On dört, bir hırs rekoru

BİR, iki, üç. Yetmiyor, on iki, on üç, on dört olsun. Aynı yasada şu anda tam on dördüncü değişiklik. Kamu İhale Yasasında.

IMF çok hassas. Aynı duyarlık AB’de de var. Yolsuzlukların önlenmesi adına, IMF ve AB aynı yasa üzerinde duruyor. Yolsuzluk en çok kamu ihaleleri üzerinden yapılıyor. Bunu önlemek için bir önceki iktidar 2002’de bir yasa çıkartıyor.
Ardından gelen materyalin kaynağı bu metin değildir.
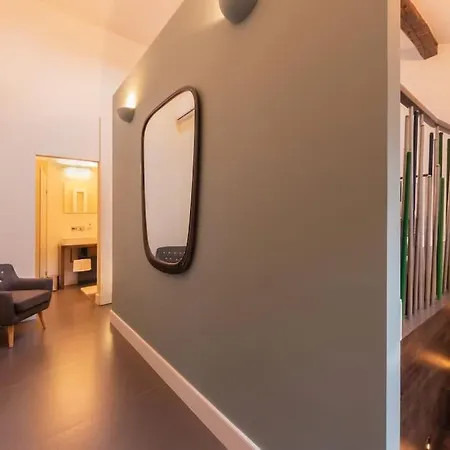 Huge Design With Private Garden Apartment Venice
Yasa o tarihte Brüksel’de hazırlanıyor. Maliye Bakanlığı elemanları ile AB uzmanları Brüksel’de uzun uzun çalışıyor. Ortak çalışmanın öngördüğü temel nitelikler saydamlık, denetim, rekabetçi ve kamu kaynaklarının verimli kullanılmasına dönük.

YÜKSEK KURUL

Bu yasa sadece yolsuzlukları önlemekle sınırlı değil. Aynı zamanda AB standartlarına uyumun ürünü.
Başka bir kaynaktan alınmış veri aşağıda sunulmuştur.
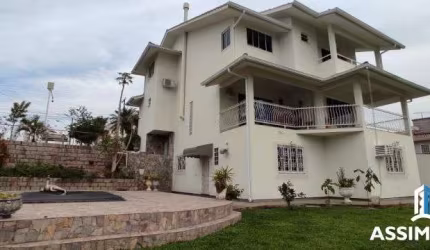Casa á venda 5 quartos com 3 suítes - Pedra Branca - Palhoça, SC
Yasanın önemli bir kurumu var. Kamu İhale Kurumu.

Kurum bağımsız, hükümetin ve sektörlerin etkisinden uzak. Herhangi bir ihalede ortaya çıkabilecek pis kokuların üzerine gidecek yetkilere sahip. Yolsuzluklara fren görevi, bu kuruma ait.

VERDİMSE VERDİM

AKP bu yasayı daha önce on üç kez değiştiriyor. Şimdi yeniden.
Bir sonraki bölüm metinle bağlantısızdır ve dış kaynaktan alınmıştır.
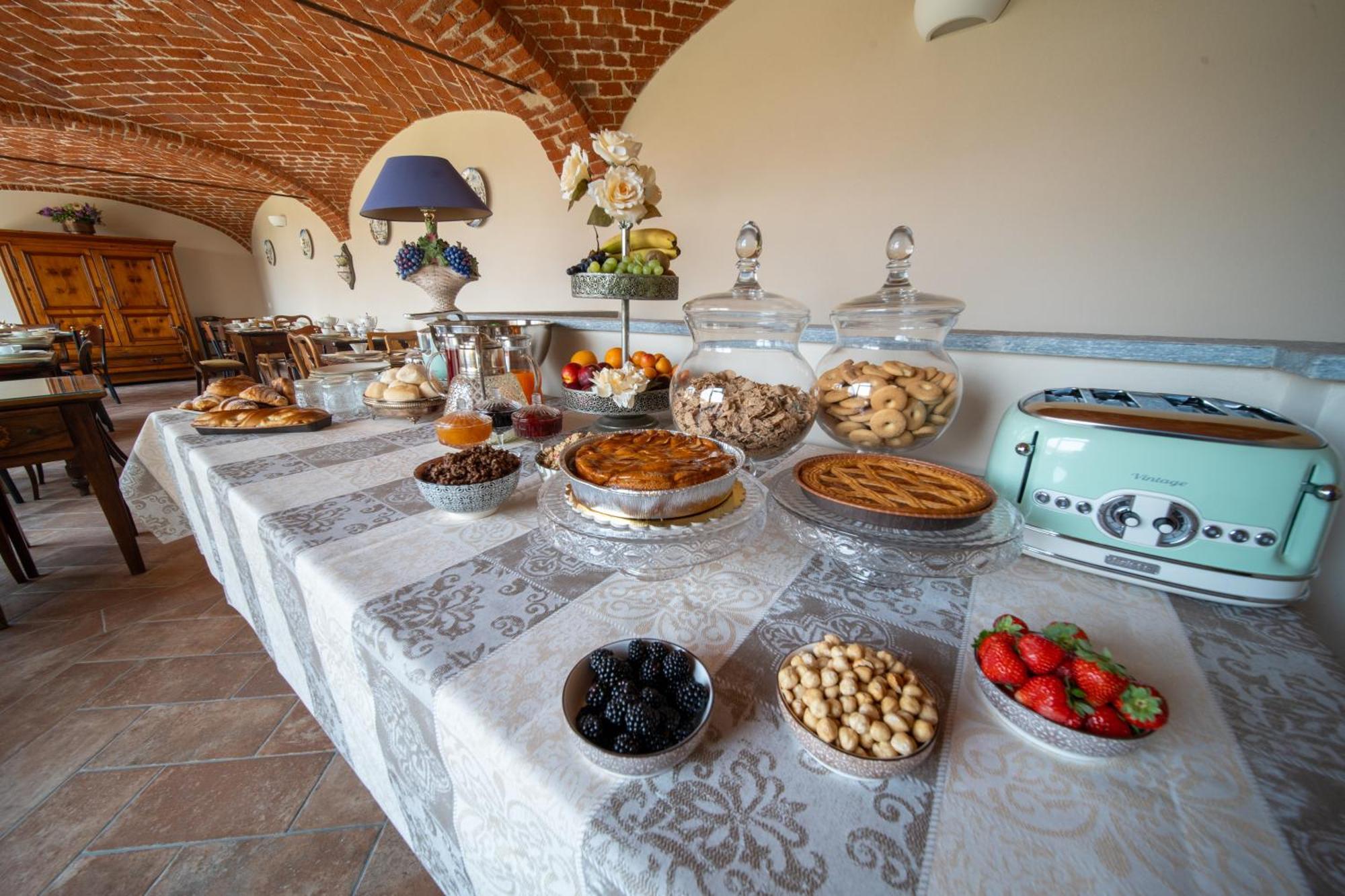 Cascina Baronina Couette-café *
Değişiklik halen Meclis’te. On dördüncü kez değişikliğe uğruyor. AKP iktidarının rekorlarından biri. Altı yılda on dört değişikliğin on dördü de, AKP iktidarının imzasını taşıyor.

On dördüncü değişiklik, Kamu İhale Kurumu’nun yetkilerini kısıyor. Gerçekleşen herhangi bir ihaleye itirazda, kurumun elini kolunu bağlıyor.

Örneğin, bir kamu ihalesi sonuçlanıyor. Orada pis koku var. Ama, yüksek kurum bu değişiklikten sonra, eskisi gibi değil, devre dışı.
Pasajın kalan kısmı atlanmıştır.